* Task brief *
Where a record contains a picture, omit the picture and repeat the rest exactly.
Material provided Block Start
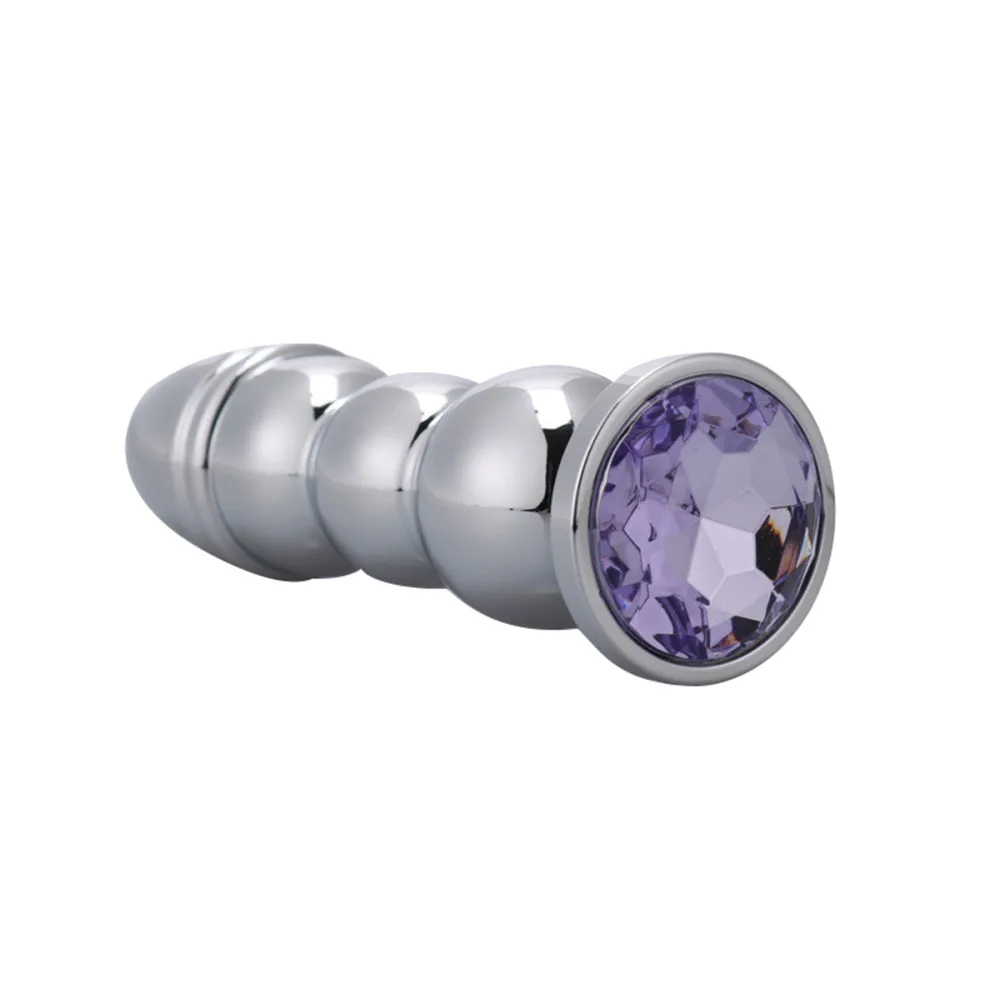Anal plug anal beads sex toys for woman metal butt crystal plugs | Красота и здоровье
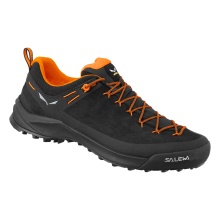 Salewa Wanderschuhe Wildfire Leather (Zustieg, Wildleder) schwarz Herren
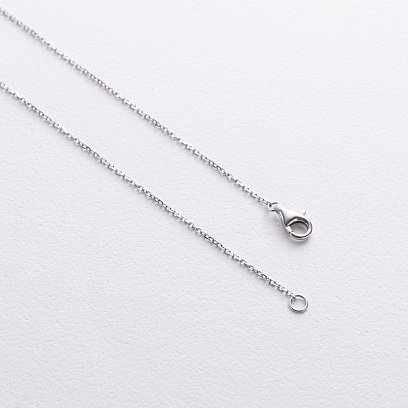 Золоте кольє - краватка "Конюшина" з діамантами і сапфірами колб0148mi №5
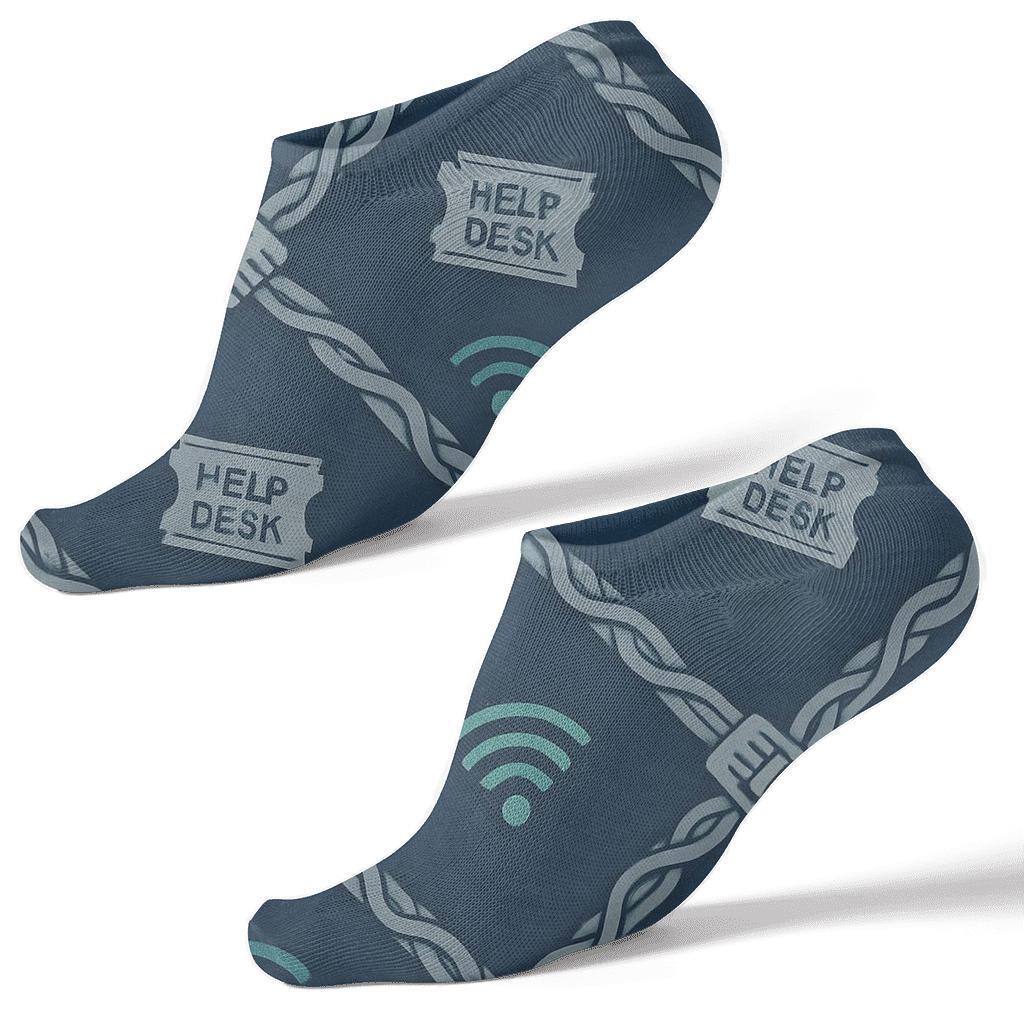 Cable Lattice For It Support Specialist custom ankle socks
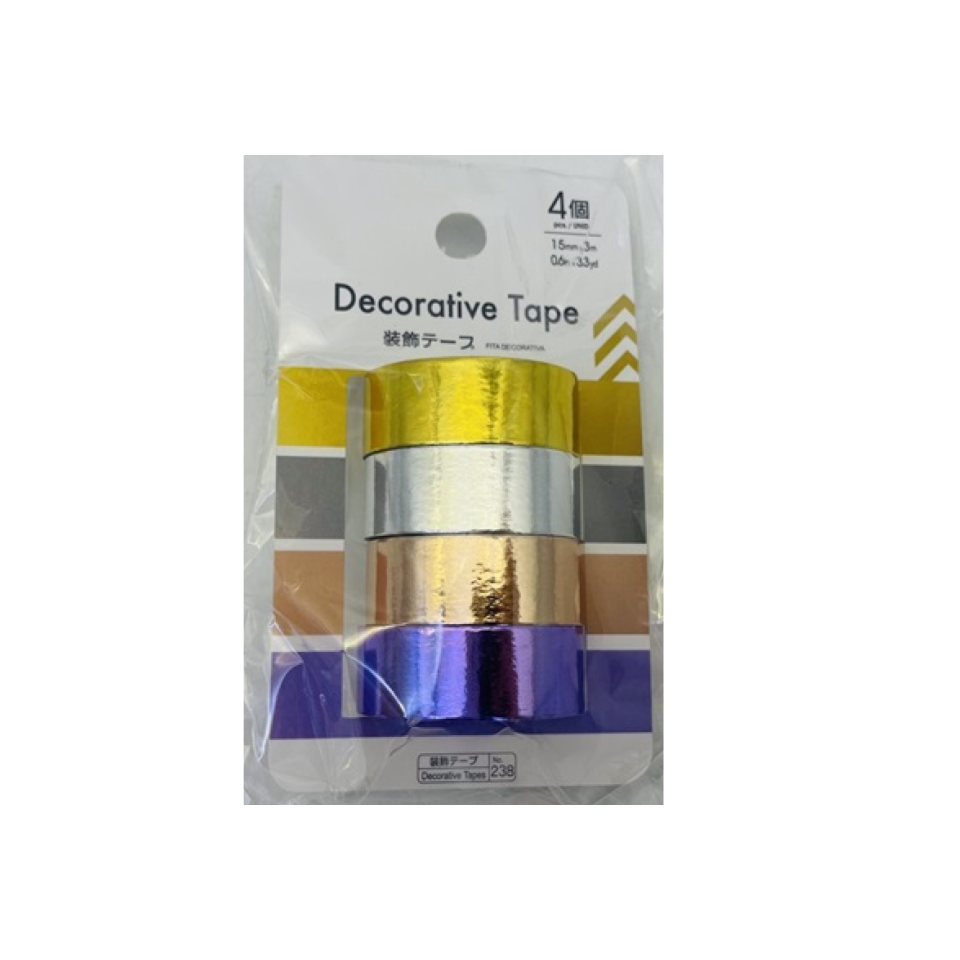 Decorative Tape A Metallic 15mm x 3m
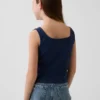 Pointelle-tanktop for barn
Material provided Block End
* Problem solution *
Anal plug anal beads sex toys for woman metal butt crystal plugs | Красота и здоровье
 Salewa Wanderschuhe Wildfire Leather (Zustieg, Wildleder) schwarz Herren
 Золоте кольє - краватка "Конюшина" з діамантами і сапфірами колб0148mi №5
 Cable Lattice For It Support Specialist custom ankle socks
 Decorative Tape A Metallic 15mm x 3m
 Pointelle-tanktop for barn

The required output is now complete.